From my perspective on your views of the individual and government
coercion, you are a dissembling socialist who cannot sort out the
fantasy of his lies and the reality of the consequences of his views
put into practice.

spar...@yahoo.ca

unread,
Jun 20, 2012, 10:02:39 AM6/20/12
to
On Jun 20, 5:45 am, Charles Bell <cbel...@bellsouth.net> wrote:
> On Jun 19, 8:41 pm, spare...@yahoo.ca wrote:
>
> > On Jun 19, 6:58 pm, Charles Bell <cbel...@bellsouth.net> wrote:
> > there was no Absolute Socialism but rather an anarchy in which everyone's
> > needs are met without the
>
> > creation of "wealth".
>
> > Communists never created any wealth?
>
> Right, as communists, that would not be their ideological function
> according to their ideology. Capitalism creates 'wealth' by way of
> income disparity for the very purpose of creating capital.

Wrong. Wealth is not a word solely associated with capitalism. It
existed long long before the word capitalism existed.

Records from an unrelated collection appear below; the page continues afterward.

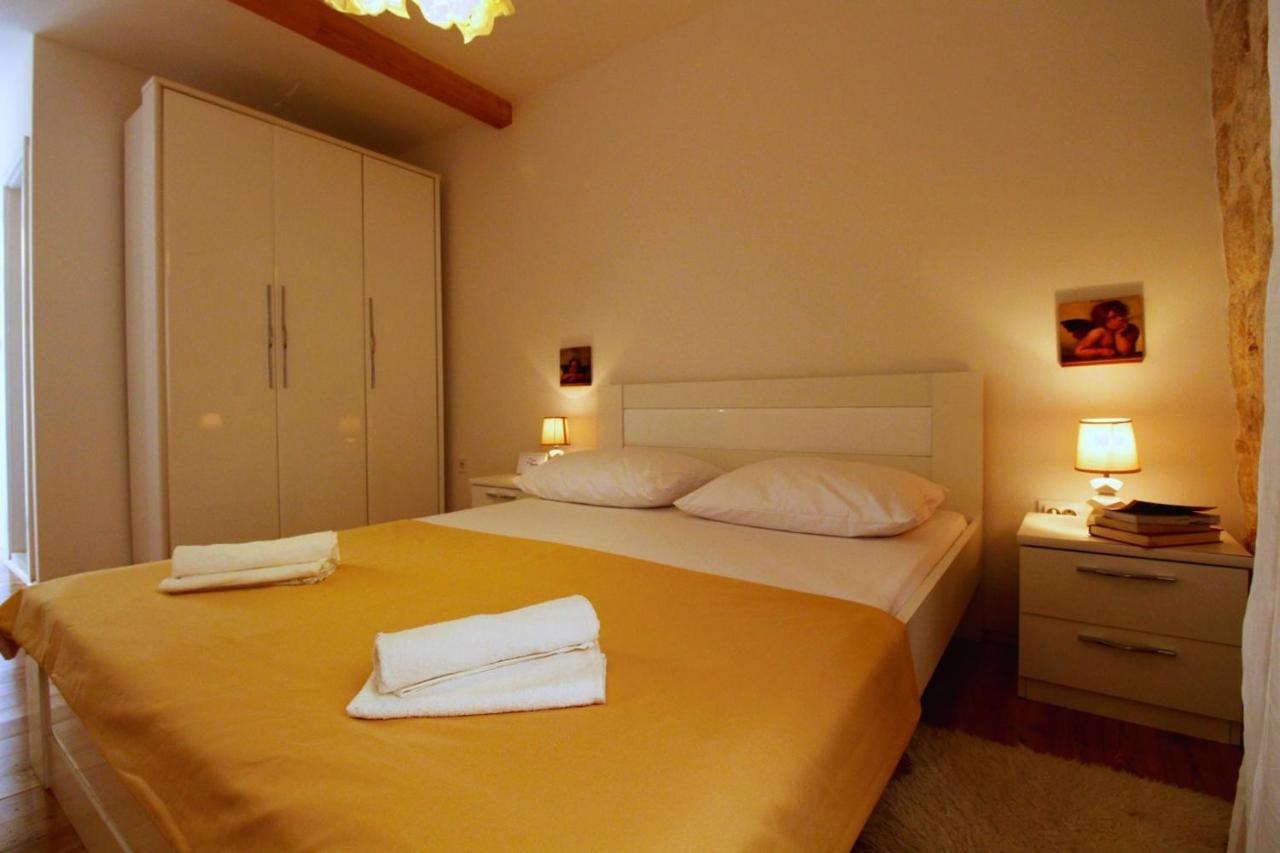 Korzo Rooms&Apartments Vis Buitenkant foto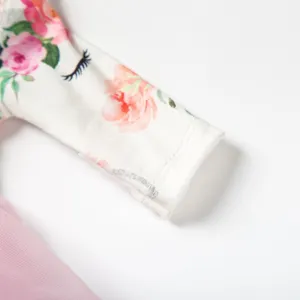 Nahaufnahme des Blumenärmels und des rosa Tüllrocks für das 18-Zoll-Puppenkleid.
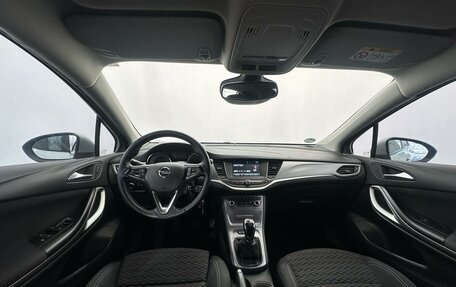 Opel Astra K, 2019 год, 1 350 000 рублей, 9 фотография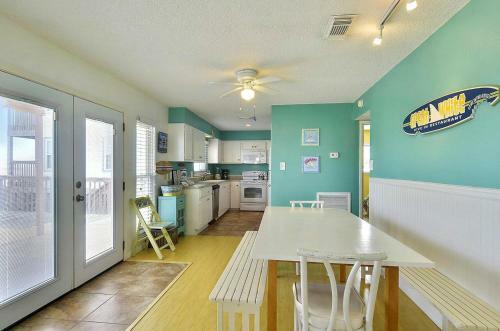 Surf's Up By Ryson Vacation Rentals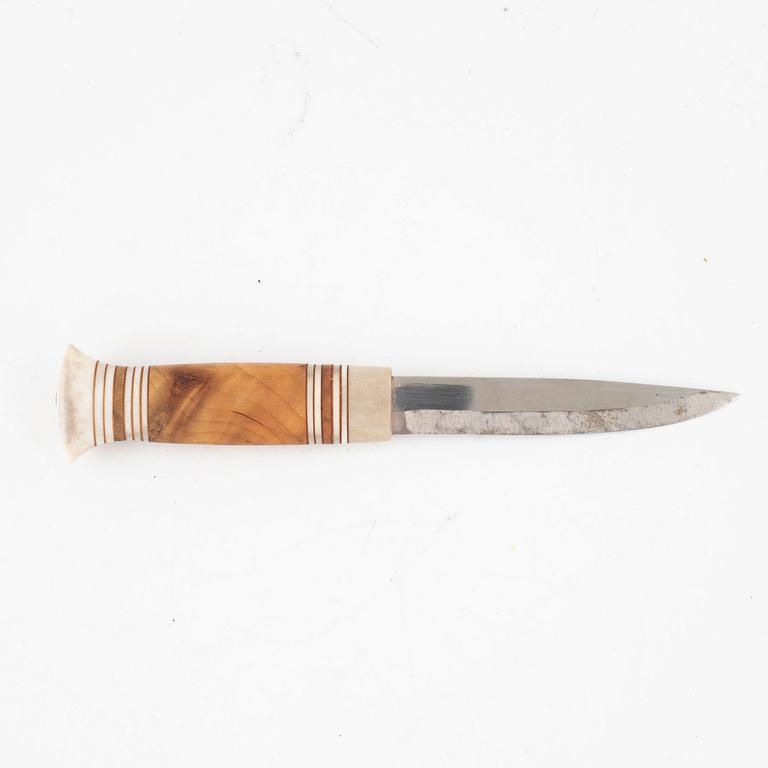 Göte Lindh, half-horn knife, Tärnaby, signed.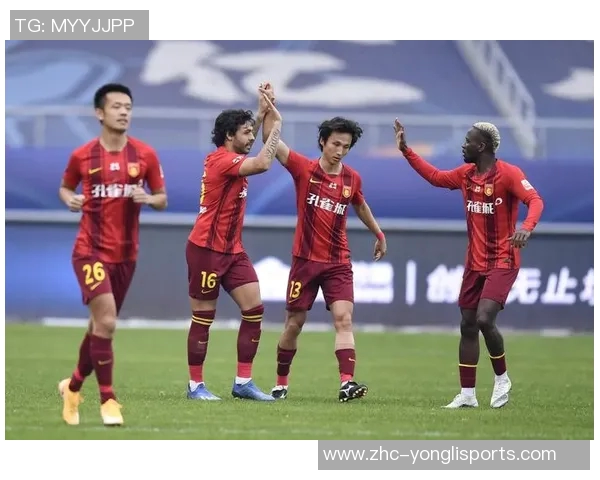 鲁能与申花激战正酣谁能在这场巅峰对决中笑到最后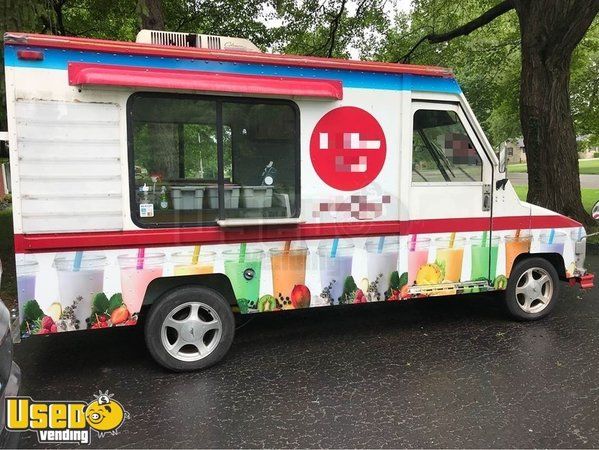 Used 16' Aero Step Van Ice Cream Truck / Ice Cream Shop on Wheels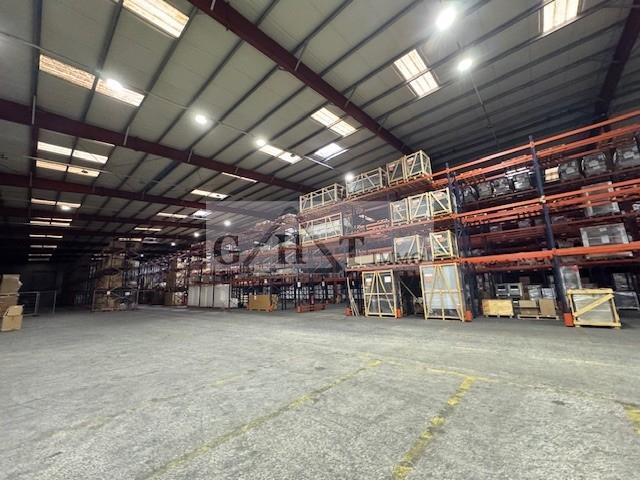 Entrepôt - 11 000 m²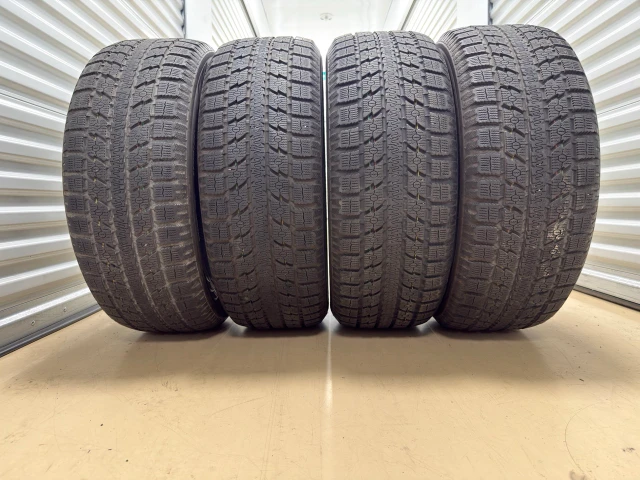 Pneumatiky — Porsche Cayenne, Import Kanada — Foto 1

> ownership of the means of production. Nevertheless the purpose of
> communism is to be the eventual *elimination* of wealth.
>

Wordplay. Wealth in the sense of individual economic income disparity
of citizens that's true. Wealth in the sense of production of goods
that's not true. In addition, communist government officials
typically had a much higher standard of living than average folk as
well as power to control the means of production. In pure captialism
free markets decide who controls a nations wealth. In communism the
government officials did. In our western mixed economies its a mix of
both.


> The communists did not consider their "republics" communist.

???

spar...@yahoo.ca

unread,
Jun 20, 2012, 9:54:13 AM6/20/12
to
On Jun 20, 5:48 am, Charles Bell <cbel...@bellsouth.net> wrote:
> On Jun 19, 8:19 pm, spare...@yahoo.ca wrote:
>
> > On Jun 19, 6:50 pm, Charles Bell <cbel...@bellsouth.net> wrote:
>
> > >  Rand's one-word summary for "government" was not
> > > "capitalism". In fact the purpose for Rand's government would be to
> > > protect an individual's moral right to life exercised through (free-
> > > market) capitalist trading activity. If that meant no mandatory
> > > taxation and no bureaucratic regulation, that is an opinion of good
> > > government, not a definition of capitalism.
>
> > .... which in practical terms means no regulations, no taxation and no
> > services.
>
> No. It means:  voluntary taxation

Again. No such thing as "voluntary taxation". You are confusing the
word "donation" with "taxation". (distinct concepts).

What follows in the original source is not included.